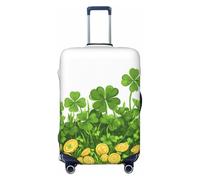 Kaifanee Elastic Travel Luggage Cover Suitcase Protector, Green Lucky Shamrock Clover Gold Coin Suitcase Baggage Cover Anti-Scratch Fits 23-26 Inch Luggage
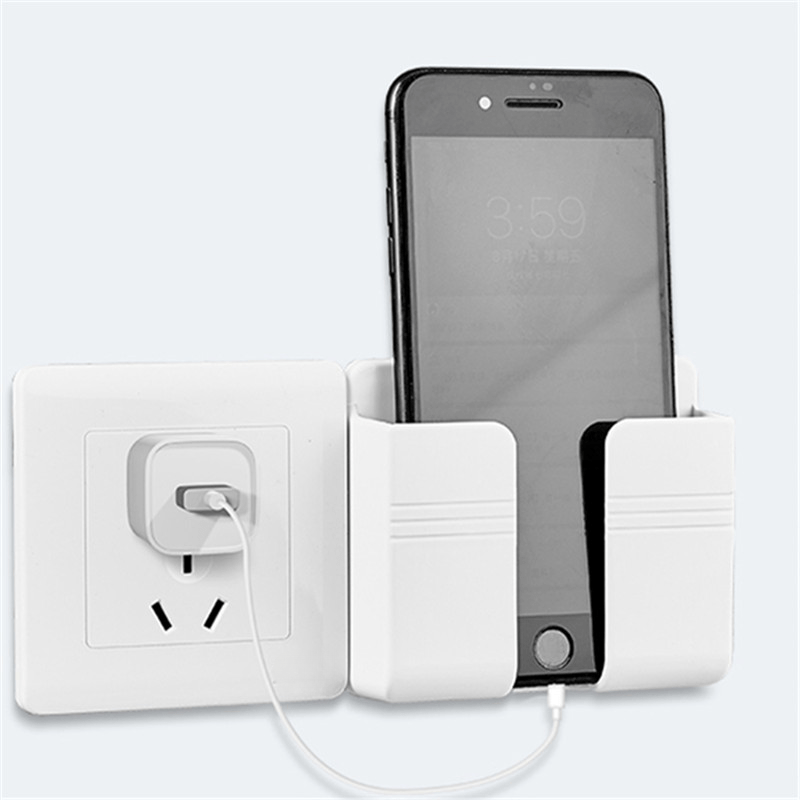Mobile Phone Plug Wall Holder Punch Free Wall Mounted Organizer Storage Box Remote Control Mounted Charging Multifunction Hook, Easter Day, Valentine's Day, Springtime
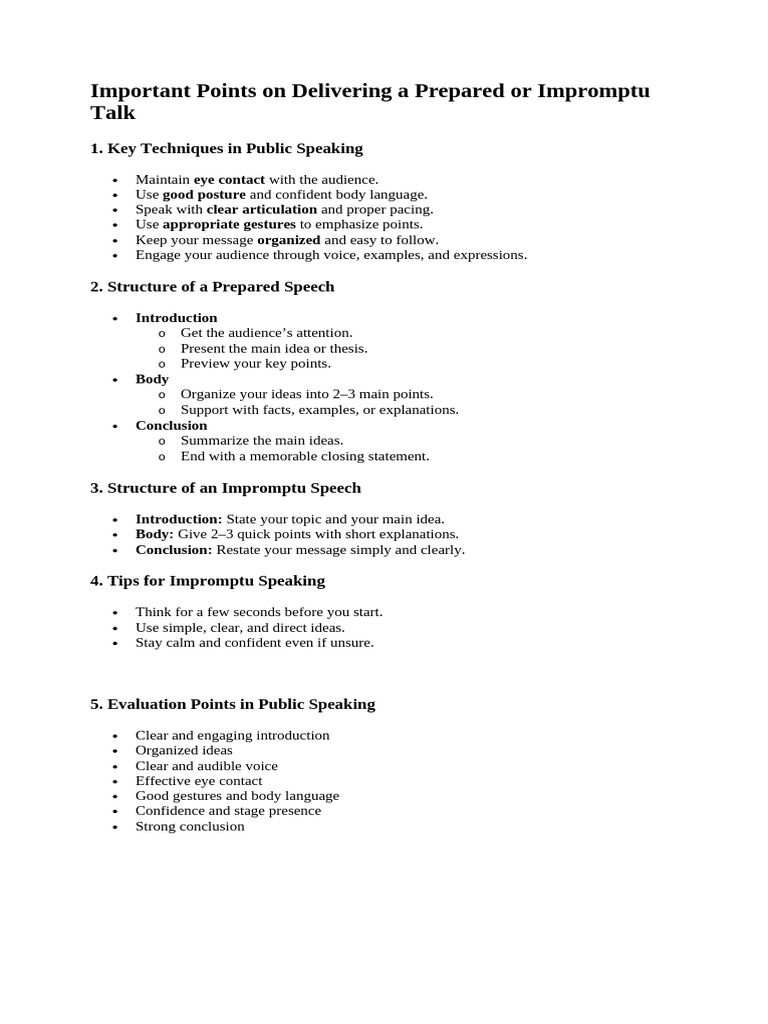 Public Speaking Techniques and Structures | PDF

───

**Your assignment:** The output should hold only the lines from the one containing "Mobile Phone Plug" through the last line of the listing, reproduced exactly, pictures omitted.

**Task response:**
Mobile Phone Plug Wall Holder Punch Free Wall Mounted Organizer Storage Box Remote Control Mounted Charging Multifunction Hook, Easter Day, Valentine's Day, Springtime
 Public Speaking Techniques and Structures | PDF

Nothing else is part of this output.